The report, titled “Trash to Treasure: Changing Waste Streams to Profit Streams,” examines the weight and impact of waste on American business. It features business case studies that illustrate the power of the circular economy to increase efficiency and profitability. Businesses that understand, measure, and manage their waste and take action to eliminate, reduce, or reuse that waste can open up new revenue streams, optimize operations, and unleash innovation, the report concludes.

Jennifer Gerholdt“The circular economy offers a wealth of opportunity for the American business community,” said Jennifer Gerholdt, director of Environmental Initiatives for the U.S. Chamber of Commerce Foundation Corporate Citizenship Center. “As companies confront the realities of today’s economic environment, it’s easy to overlook the value and the potential for growth that lies in ordinary, everyday waste. Our ‘Trash to Treasure’ research illustrates the business case for the circular economy, encouraging all enterprises to follow the lead of several businesses already putting this regenerative, restorative way of thinking to work.”

Trucost, experts in the environmental data and natural capital valuation, contributed data and analysis on the amounts, types, and flows of the waste produced by companies. The Ellen MacArthur Foundation contributed insights with broader strategies about how to capture that value and thematic support. 

Why This Report Matters

Waste production is a serious problem for all American companies and industries.

The largest 5,589 publically traded businesses in the United States sent 342 million metric tons of waste to landfills and incinerators in 2014. That is equivalent to sending almost 3 Empire State Buildings to the landfill every day.

Removing unwanted resources to landfills or incinerators is a costly proposition in the price of removal, in the value of the resources being destroyed, and in the social impacts of more waste. By not accurately estimating, measuring, and managing their waste streams, American companies of all sizes and types are throwing away significant opportunities for profit and increased efficiency.

By understanding the size and value of that waste, and how to monetize it, companies can reduce waste going to landfills.

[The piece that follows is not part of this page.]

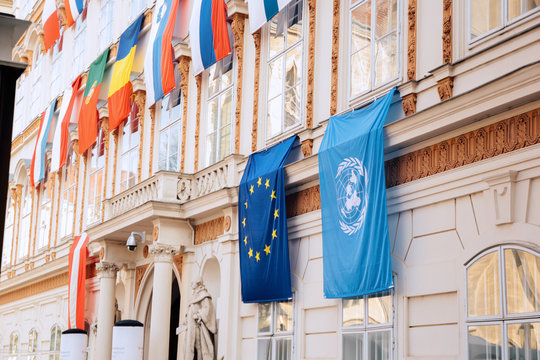 Set Of European Union Flag And United Nations Flags Hanging On Building In Vienna, Austria, Europe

Long-term solutions include incorporating more sustainable closed-loop manufacturing processes to limit waste or rethinking the system entirely, shifting to a circular economy in which waste is designed out entirely. Many have suggested “waste is a resource in the wrong place.” Trash to Treasure quantifies that statement and offers actionable ways to put waste in the right place.

Key Findings

  • The 5,589 largest publicly traded companies in the US sent 342 million metric tons of waste to landfills and incinerators in 2014.
  • On average, companies generate 7.81 metric tons of waste for every million dollars in revenue.
  • If the 5,589 companies in the study reduced paper waste by 1%, it would save them nearly $1 billion.
  • Overall, company waste is paper (37%), food/other organic materials (21%), plastic (17%), construction materials (11%), and metals (8%).
  • Wasting is becoming more expensive. In the past 15 years, food costs have increased 66%, paper 16%, metals and minerals 90%.
  • Many companies have already identified waste as an issue and are increasing their profits by changing production processes to reduce waste, educating their workforce, and engaging with consumers to recover or refurbish items.
  • One of the most comprehensive ways to eliminate waste is to adopt a circular economy model, where products and services are designed and manufactured to be refurbished and repaired throughout their lifecycle.